### DATA FOR PROCESSING
^^^^
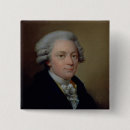 Search for wolfgang amadeus badges Museum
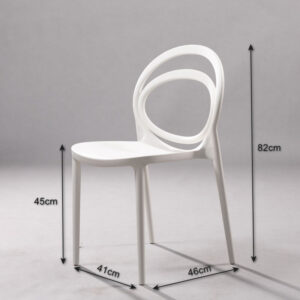 ghe nhua duc nguyen khoi cao cap circus 2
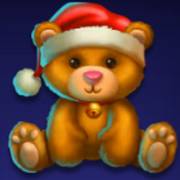 Holly Jolly Bonanza 2: Bear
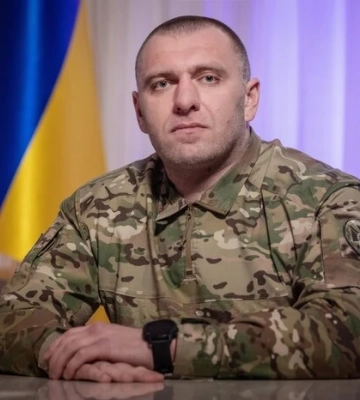 СБУ підбила підсумки роботи під керівництвом Малюка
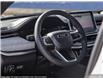 2025 Jeep Compass North (Stk: S572273) in Abbotsford - Image 12 of 25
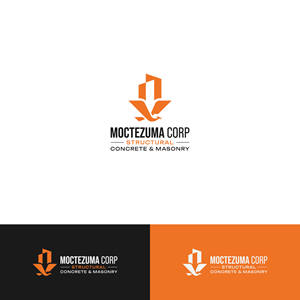 Logo-Design von jefri0 für dieses Projekt | Design: #33030885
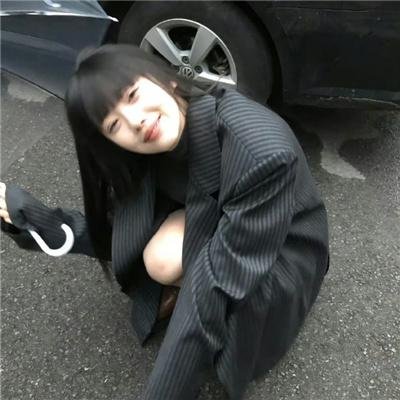 炎热的中午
^^^^
### TASK PROMPT
Pictures are to be dropped; every line of the records is to be returned unchanged.

### ANSWER BOX
 Search for wolfgang amadeus badges Museum
 ghe nhua duc nguyen khoi cao cap circus 2
 Holly Jolly Bonanza 2: Bear
 СБУ підбила підсумки роботи під керівництвом Малюка
 2025 Jeep Compass North (Stk: S572273) in Abbotsford - Image 12 of 25
 Logo-Design von jefri0 für dieses Projekt | Design: #33030885
 炎热的中午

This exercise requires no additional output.